Es ist was es ist
by Kristin Schmidt
Im Palais Bleu ist die siebente Le-Lieu-Ausstellung zu sehen. Unter dem Titel „Get up and run away with it“ versammelt Kuratorin Nadine Wietlisbach Arbeiten von fünf Künstlerinnen und einem Künstler zum Thema Liebe.
Grün ist die Kunst. Blau ist der Schlaf. Gelb ist die Freizeit. Rot sind die Kinder. Auf zwei Grossformaten entwirft Seline Baumgartner ihre Lebensübersicht in zwei Varianten. Bis zur roten Linie mit 26 Jahren verläuft auf beiden Blättern alles gleich, dann ein kurzer roter Balken: ein Kind. Dann der Schnitt. Was genau ist passiert? Der Betrachter erfährt es nicht. Er sieht nur die beiden Möglichkeiten eines Lebens mit oder ohne Kindern, eines Leben mit der Kunst.

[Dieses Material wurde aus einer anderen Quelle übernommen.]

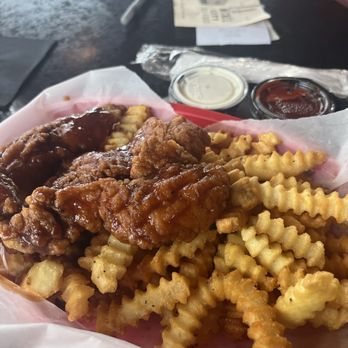 Nickel City - Bbq saucy tenders - Bars Near Me - Fort Worth, Texas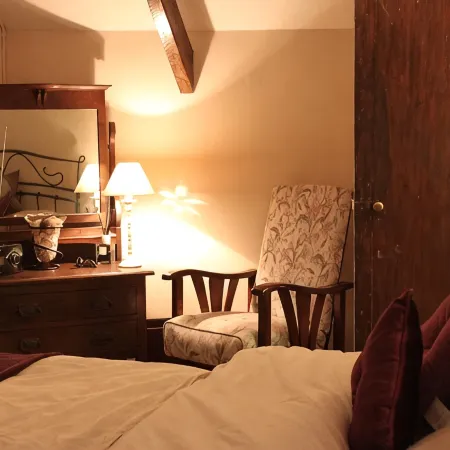 A Delightful 19th Century Beamed Cottage In Trevone Bay, 3 Mins From The Beach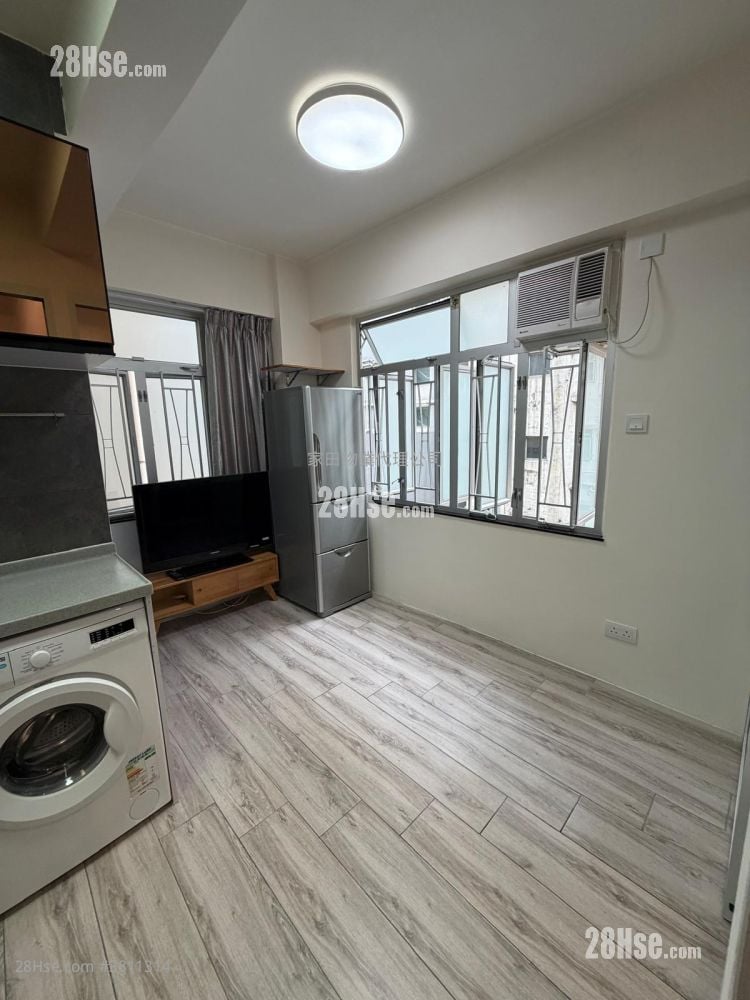 Apartment Sell 3 Bedrooms , 2 Bathrooms 370 ft²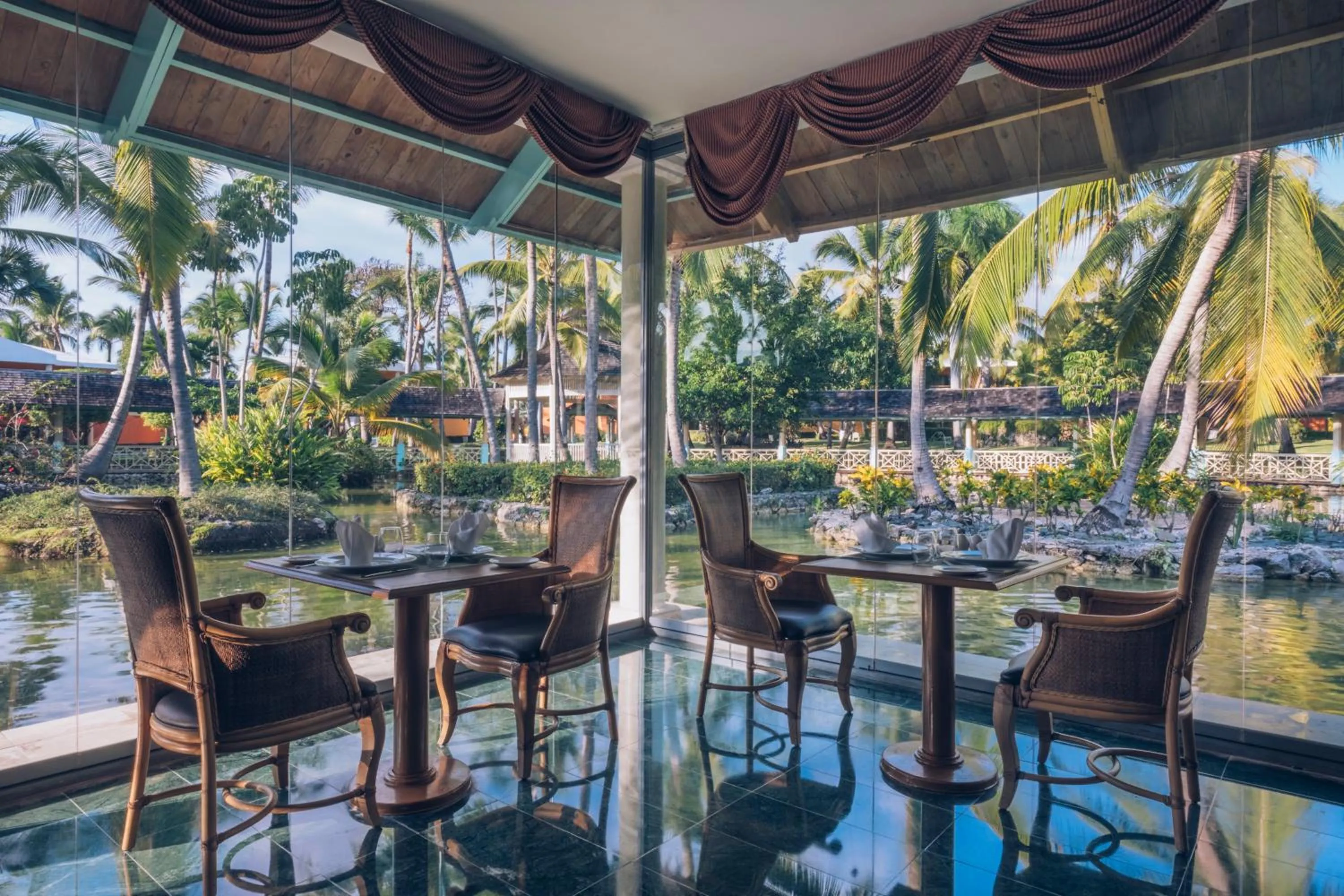 Restaurant/places to eat in Iberostar Selection Bavaro Suites - All Inclusive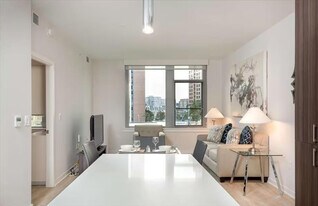 400 Army Navy Dr in Arlington, VA - Building Photo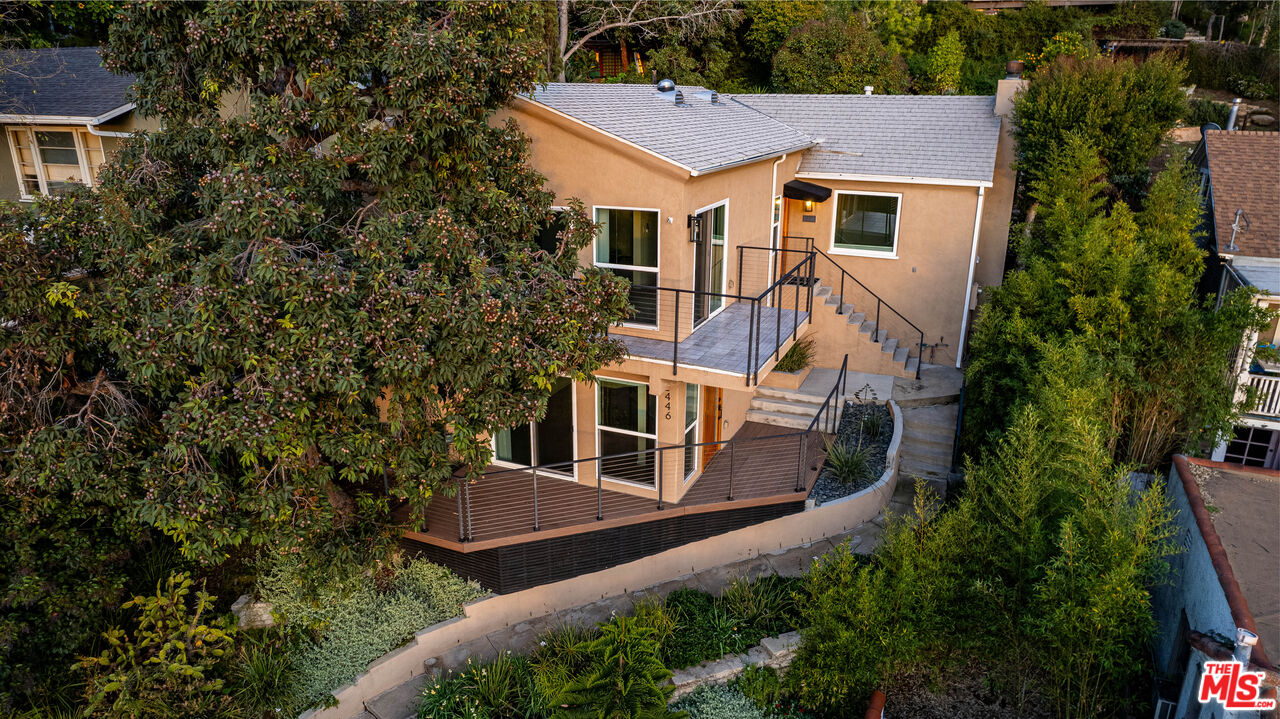 2446 Hidalgo Ave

Die Kunst und die Liebe sind die Klammern der aktuellen Le Lieu-Ausstellung im Trogener Palais Bleu. Bereits zum siebenten Mal wurde eine Gastkuratorin eingeladen, die Atmosphäre des ehemaligen Krankenhauses zu erspüren und kuratorisch darauf zu reagieren. Zum ersten Mal ist daraus eine Gruppenausstellung entstanden. Fünf Künstlerinnen und einen Künstler hat die Luzernerin Nadine Wietlisbach ausgewählt um der Liebe auf die Spur zu kommen.
Die Liebe – das ist ein schillernder Begriff. Laut Weltgesundheitsorganisation ist sie ein zwei bis drei Jahre dauernder Rauschzustand, sie kann ein Kommunikationsmedium sein und wird als kulturelles Phänomen verstanden. Wietlisbach hat sich durch die vielfältigen Theorien zu diesem komplexen Gefühl gearbeitet und thematisiert das Grundlegende: Sie begreift Liebe als Ereignis des alltäglichen Lebens und nimmt gerade die kleinen und doch so bedeutungsvollen Gesten dieses Lebens wahr und ernst. Selbst eine Arbeit, die so humorvoll daherkommt wie jene von Taus Makhacheva, stimmt nachdenklich . Für ihr Video besuchte die Künstlerin in ihrer Heimatstadt Makhachkala im südlichen Kaukasien neu errichtete Hochzeitsfestsäle mit ihrer absurd übersteigerten Innenarchitektur. Sie lässt ein abstrahiertes Brautpaar über Mosaikböden, an Spiegeln, bonbonfarbenen Säulen, gedeckten Tischen vorbeitanzen und findet ein eindrückliches Bild für die Divergenz zwischen den Hoffnungen junger Paare und der grossen Hypothek auf das eigene Glück.
Alle Arbeiten zeichnet ihr feinsinniger und zurückhaltender Bezug zum Thema aus. Wenn etwa Michelle Kohler eine Fensterwand im Treppenhaus in eine Häuschenfassade verwandelt, dann verbirgt sich hier die Liebe oder vielmehr ihr Wunschtraum im Abbild einer konstruierten Idylle. Auch in Nicole Michels Werken ist die Liebe eher Andeutung als Ausbruch. Dies gilt sowohl für ihre Bildzitate aus der Medienwelt als auch für die kleinen verschnürten Objekte im Geschirrschrank des Palais Bleu. Letztere gleichen den kleinen privaten Kostbarkeiten, sorgfältig gehütet als Zeugnisse tief empfundener Zuneigung. Wie eine solche auszudrücken wäre, fragt Bettina Disler: „If love ist he answer could you please rephrase the question.“ heisst ihre stille Videoarbeit mit verliebten Paaren.
Francisco Sierra schliesslich überrascht mit ebenso minimalistischen wie vielsagenden Zeichnungen. Ein Quader, ein Spalt, vier Arme – eine Umarmung kann inniger kaum sein.
Eine Edition ergänzt die Ausstellung mit sorgfältig ausgewählten Texten und den Bildern ineinander verschlungener Paare der Londonerin Ute Klein.